Now, if you've been around the internet on blogs or Twitter or Facebook, you might have seen a campaign picture that looks a little something like this:


The point being made is that there are lots of different permutations and combinations of marriage in the Bible, and therefore Christians are wrong / bigots / dumb to insist on one man and one woman in a mutually exclusive public union until death.

The fact is that although we're told about Abraham's dealings with a concubine or David's many wives or Solomon's 700 wives and 300 concubines, those pieces of information are presented as that - information, not recommendation.

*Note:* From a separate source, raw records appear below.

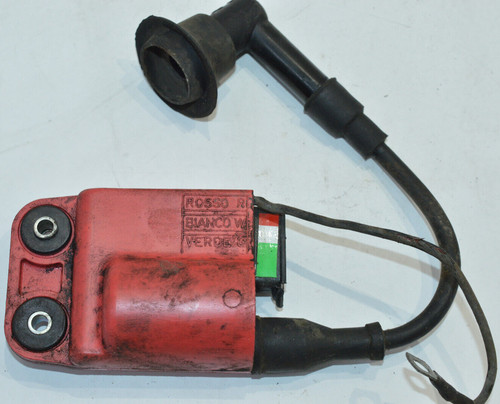 Piaggio sfera cdi - piaggio,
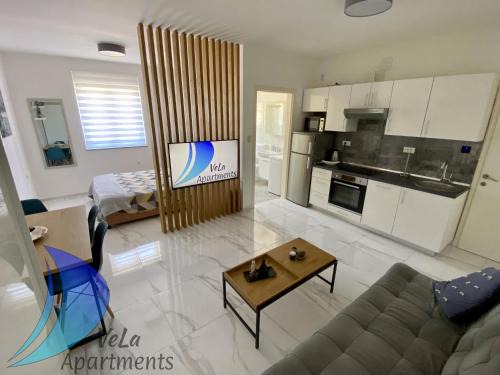 Icici Apartment | VeLa Apartments
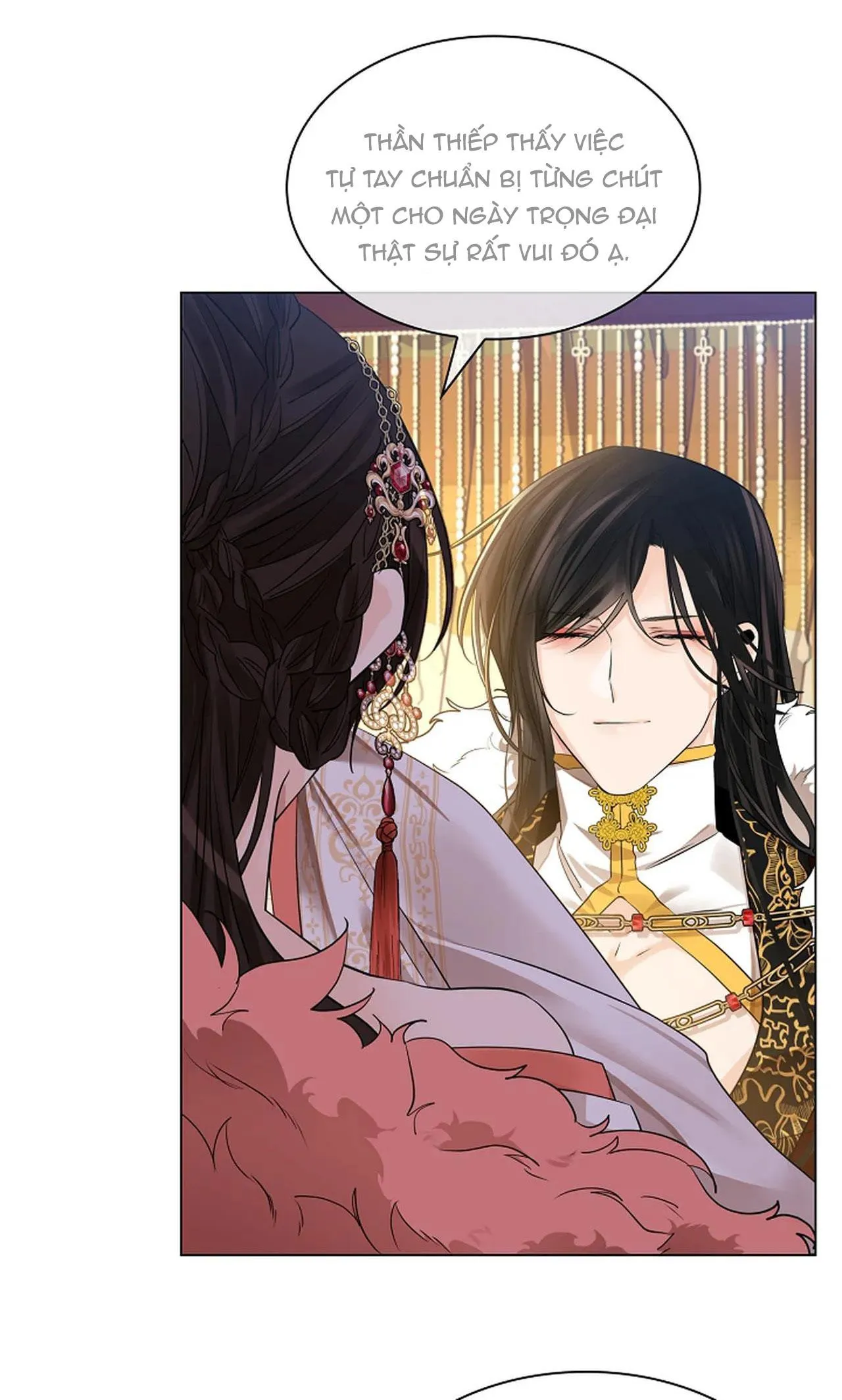 HOA GIẤY Chapter 28 Trang 55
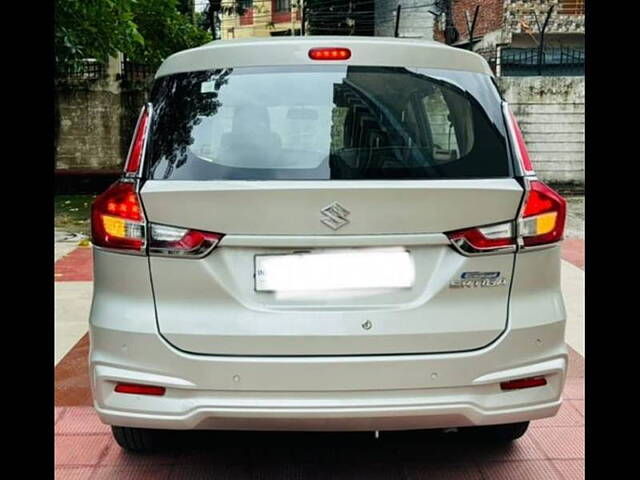 Used Maruti Suzuki Ertiga [2015-2018] VDI SHVS in Lucknow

Those accounts are descriptive, telling us how it was; but they are not proscriptive, telling us how we should do it. You only have to follow the story to see the mess they get into by going their own way.

Abraham (Abram) and Sarah (Sarai) have received the promise of a son from God, but they don't believe it will happen, so Sarai takes matters into her own hands, giving her servant Hagar to Abraham. Ishmael is born, but he is not the child of promise.

David falls into adultery by a slippery slope of 1. not going to war to lead his people in battle; 2. spying Bathsheba bathing naked on her roof; 3. committing adultery with her in his head; 4. committing adultery with her in his bed; 5. murdering her husband to cover up the affair.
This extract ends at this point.